Philipp macht das Spiel für Blinde sichtbar

11.12.2015, 10:00 Uhr
Philipp macht das Spiel für Blinde sichtbar

© Klaus Lutz

Es ist Freitagabend im Fürther Stadion. Trotz einer Temperatur nahe des Gefrierpunkts haben sich die Ränge gut gefüllt. Die Spielvereinigung Greuther Fürth spielt gegen den 1. FC Kaiserslautern. Mittendrin ist wie immer: Philipp Lutz auf der Pressetribüne. Der 14-Jährige ist alle zwei Wochen im Stadion, bei jedem Heimspiel und oft auch bei den Auswärtsspielen.

Aber Philipp ist nicht nur ein sehr begeisterter Fürth-Fan, er ist Blindenkommentator. Ohne Pause spricht er in ein Mikrofon hinein, damit die blinden Zuschauer, oder besser: Zuhörer, auch ja nichts vom Spiel verpassen. Heute sind es sieben Zuhörer, meistens fünf bis zehn. Jeder von diesen hat ein Empfangsgerät mit Kopfhörern, ähnlich einem Walkie-Talkie.

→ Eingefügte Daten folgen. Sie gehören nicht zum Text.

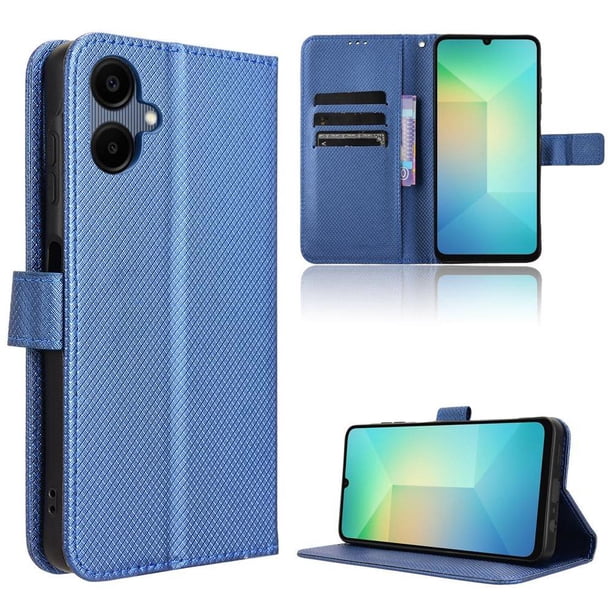 Funda Billetera para MOTO Edge 60 Fusion con Ranuras y Soporte Azul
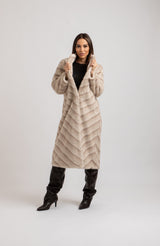 Ecopelliccia beige FEDERICA BI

So kriegen sie alles mit: Auf welcher Höhe sich der Ball befindet, wer das Tor geschossen hat, welcher Spieler sich nun wieder theatralisch auf den Rasen wirft. Aber Philipp analysiert das Spiel auch, erklärt, was die Spieler anders machen müssten, erkennt die Strategie der gegnerischen Mannschaft. Das hört sich so professionell an, dass man beim bloßen Zuhören kaum glaubt, es mit einem 14-Jährigen zu tun zu haben.

Aber Ahnung vom Fußball hat er eben. Seit er fünf Jahre alt ist, wurde er von seinen Eltern regelmäßig ins Stadion mitgenommen. Das Fansein hat er praktisch mit der Muttermilch aufgesogen. „Wenn ich heute nicht kommentieren würde, wäre ich jetzt hinten im Fanblock“, sagt Philipp und zeigt auf die grüne Menschenmasse, während seine Mutter das Mikrofon übernimmt. Die macht das schon seit drei Jahren, zusammen mit ihrem Mann, der schon fünf Jahre dabei ist.

Unterstützt werden sie von Christian Rupp, einem Redakteur bei der Zeitschrift Kicker. Vor eineinhalb Jahren durfte Philipp es zum ersten Mal ausprobieren, da war er gerade mal zwölf. Seitdem sind die vier ein eingespieltes Team. Mindestens zwei sind immer da, die sich in Fünf-Minuten-Einheiten abwechseln.

Philipp macht das Spiel für Blinde sichtbar

© Fotos: Sportfoto Zink

Jetzt ist Philipp wieder an der Reihe. Plötzlich spricht er etwas schneller und lauter in das Mikrofon. Mit seinem Körper geht er instinktiv nach hinten, damit das Jubeln des Publikums seine Stimme nicht überschallt. Fürth hat das zweite Tor geschossen, in der 34. Spielminute.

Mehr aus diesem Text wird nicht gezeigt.